(Short web captions)
□ □ □ □

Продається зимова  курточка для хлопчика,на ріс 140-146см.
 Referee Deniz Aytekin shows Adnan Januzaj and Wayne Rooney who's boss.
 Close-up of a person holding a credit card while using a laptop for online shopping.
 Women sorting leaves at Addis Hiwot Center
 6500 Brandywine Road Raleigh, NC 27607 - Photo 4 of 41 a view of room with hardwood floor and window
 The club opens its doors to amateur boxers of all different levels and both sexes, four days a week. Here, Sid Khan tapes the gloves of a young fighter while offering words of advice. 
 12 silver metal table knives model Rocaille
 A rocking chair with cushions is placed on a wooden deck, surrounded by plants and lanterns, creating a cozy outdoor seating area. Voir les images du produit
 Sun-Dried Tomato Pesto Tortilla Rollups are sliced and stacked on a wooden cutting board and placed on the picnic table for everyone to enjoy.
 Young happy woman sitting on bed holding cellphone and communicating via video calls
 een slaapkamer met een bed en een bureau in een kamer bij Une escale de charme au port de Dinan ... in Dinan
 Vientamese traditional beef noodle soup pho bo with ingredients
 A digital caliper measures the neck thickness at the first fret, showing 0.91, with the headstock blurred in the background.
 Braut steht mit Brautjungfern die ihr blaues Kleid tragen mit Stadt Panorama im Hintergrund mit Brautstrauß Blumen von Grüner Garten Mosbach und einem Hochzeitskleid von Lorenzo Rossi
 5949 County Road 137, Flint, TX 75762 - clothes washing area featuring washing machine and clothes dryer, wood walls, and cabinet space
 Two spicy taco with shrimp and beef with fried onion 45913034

□ □ □ □

Each line of the records that contains the string "holding" must be copied.

- [The answer]:
 Close-up of a person holding a credit card while using a laptop for online shopping.
 Young happy woman sitting on bed holding cellphone and communicating via video calls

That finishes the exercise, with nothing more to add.